Goal of the exercise -
For the data below, retype word for word the lines from the one containing "サロニア フェイス ポインターの特徴と効果" through the one containing "Enlarge Champ, a"; drop the pictures.

Data excerpts -

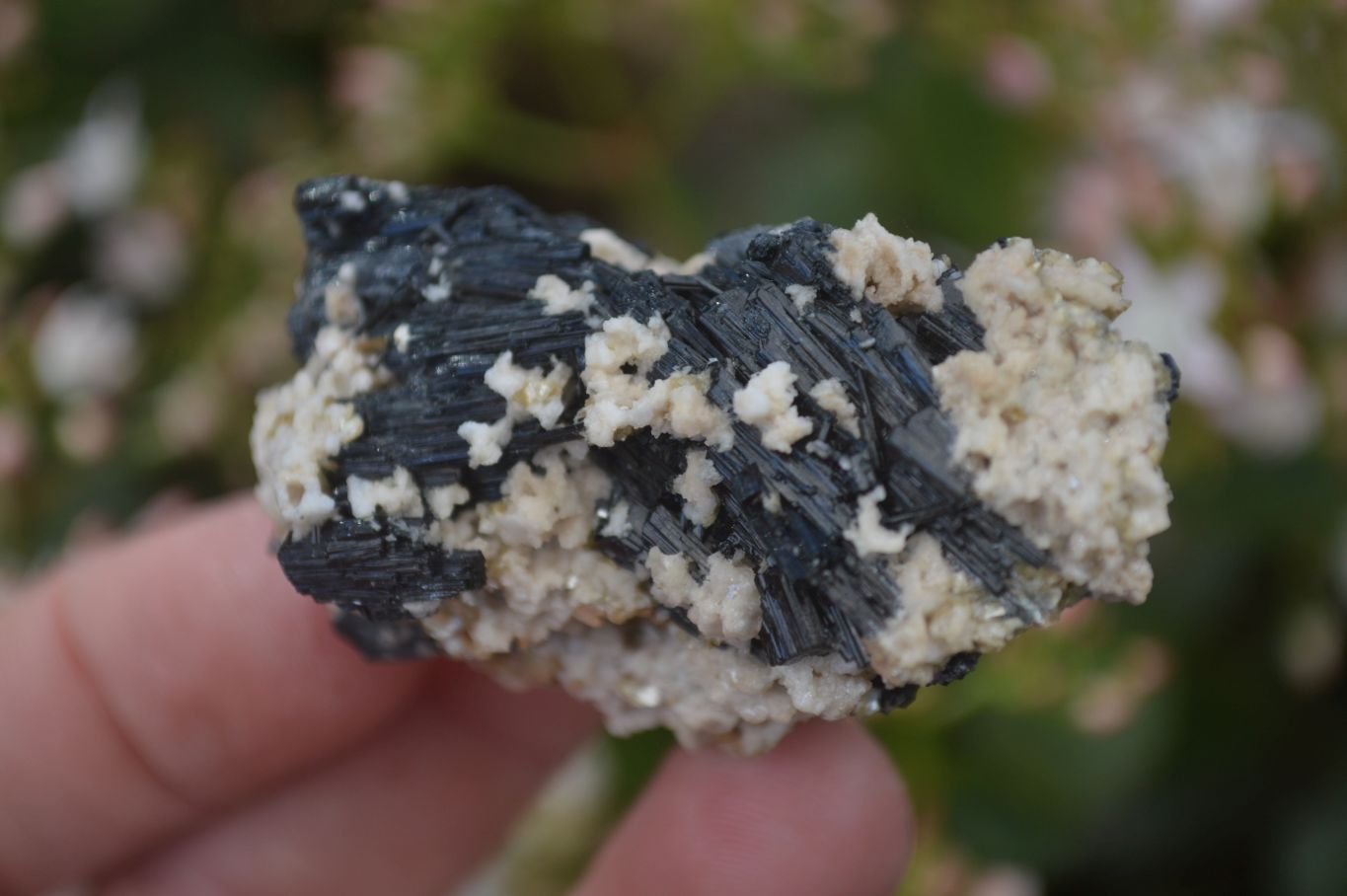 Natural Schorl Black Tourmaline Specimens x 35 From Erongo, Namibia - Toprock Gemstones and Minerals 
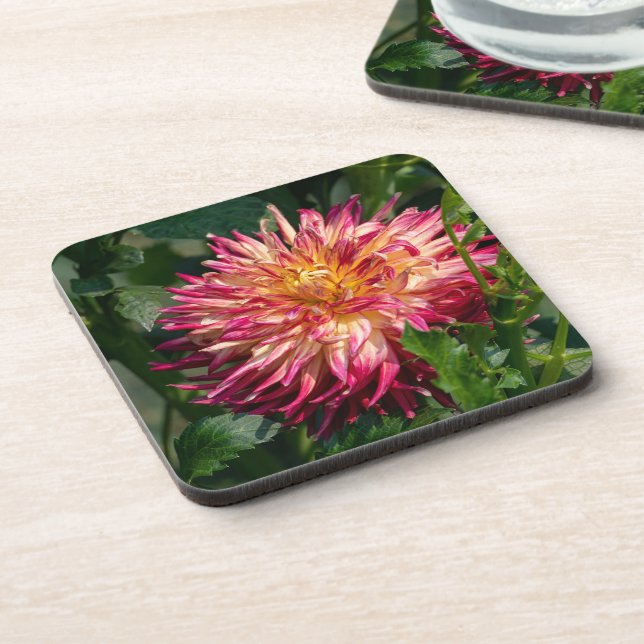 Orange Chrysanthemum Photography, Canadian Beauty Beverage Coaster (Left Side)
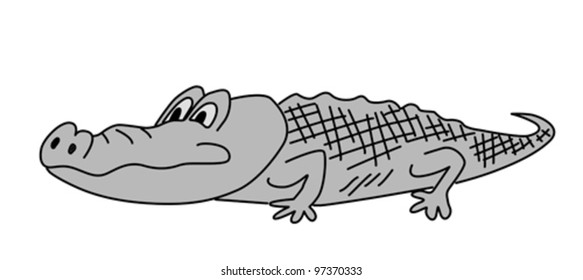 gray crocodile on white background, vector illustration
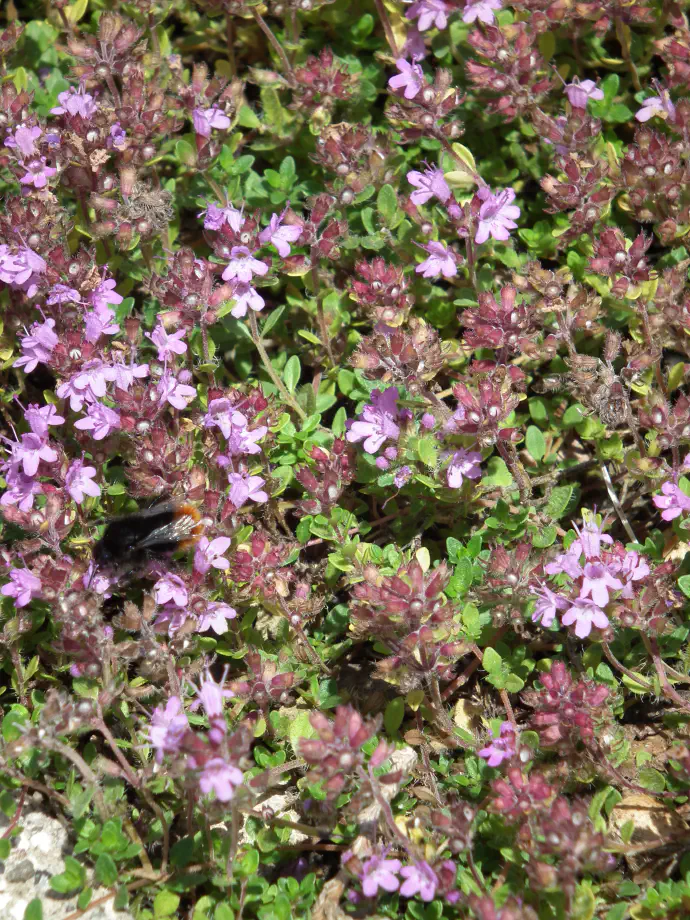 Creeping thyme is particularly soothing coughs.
==
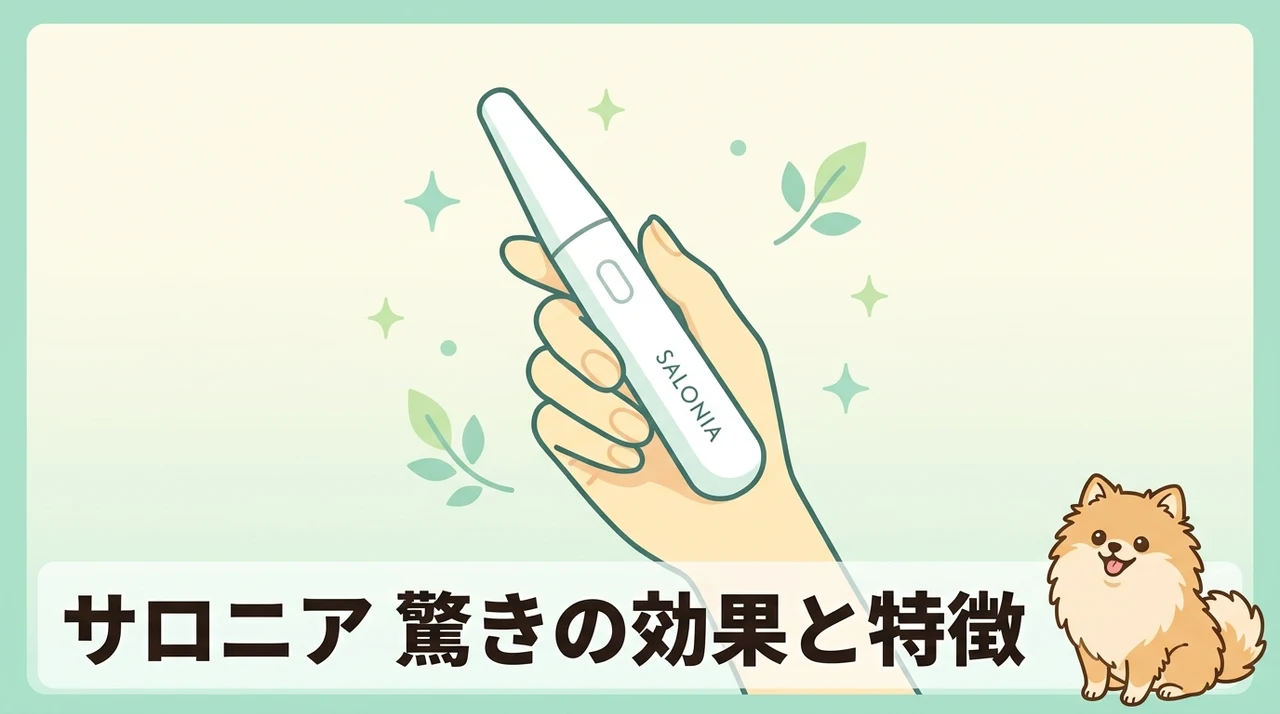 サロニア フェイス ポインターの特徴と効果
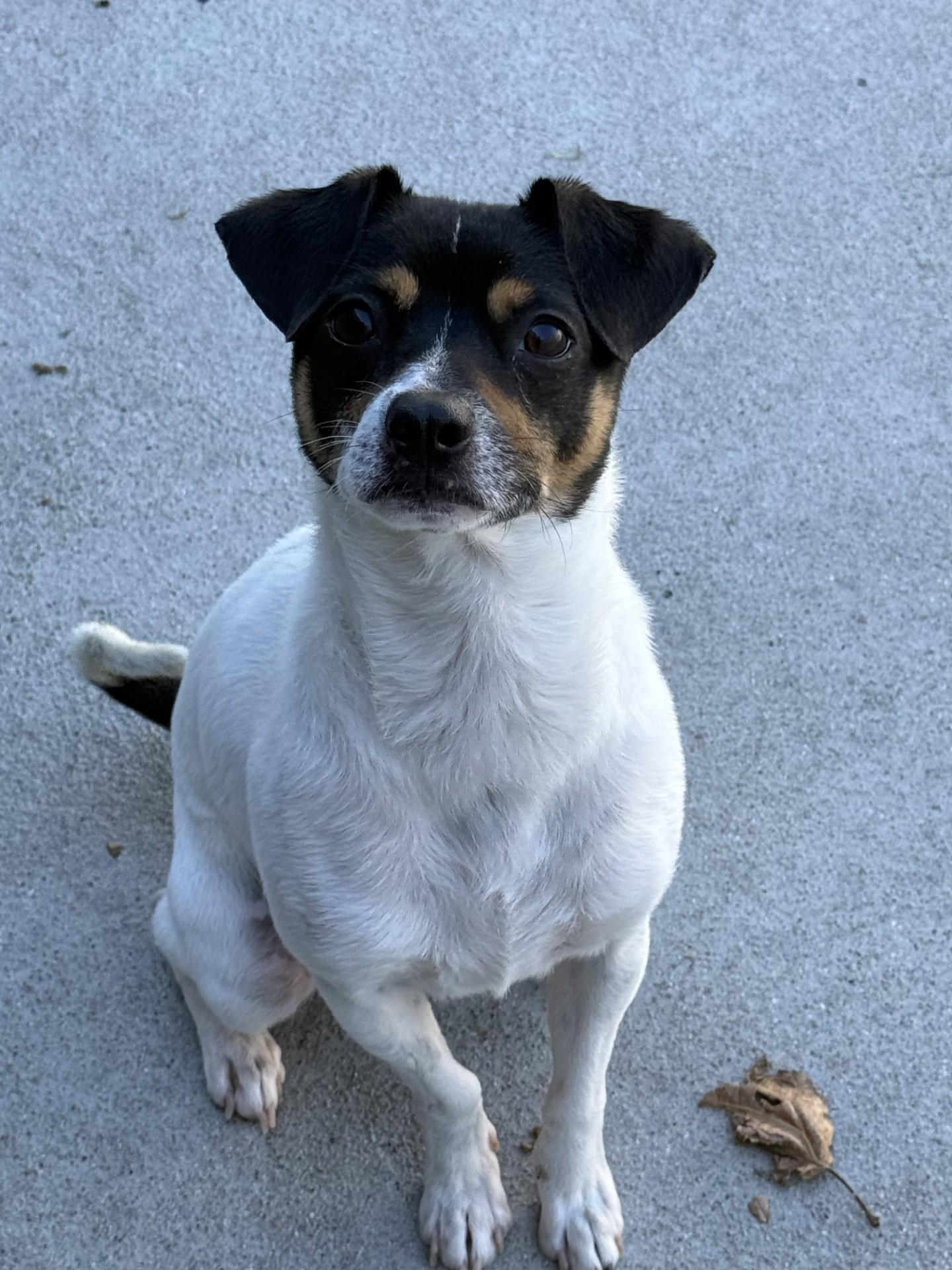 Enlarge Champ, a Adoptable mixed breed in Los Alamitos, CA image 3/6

Task result -
 サロニア フェイス ポインターの特徴と効果
 Enlarge Champ, a Adoptable mixed breed in Los Alamitos, CA image 3/6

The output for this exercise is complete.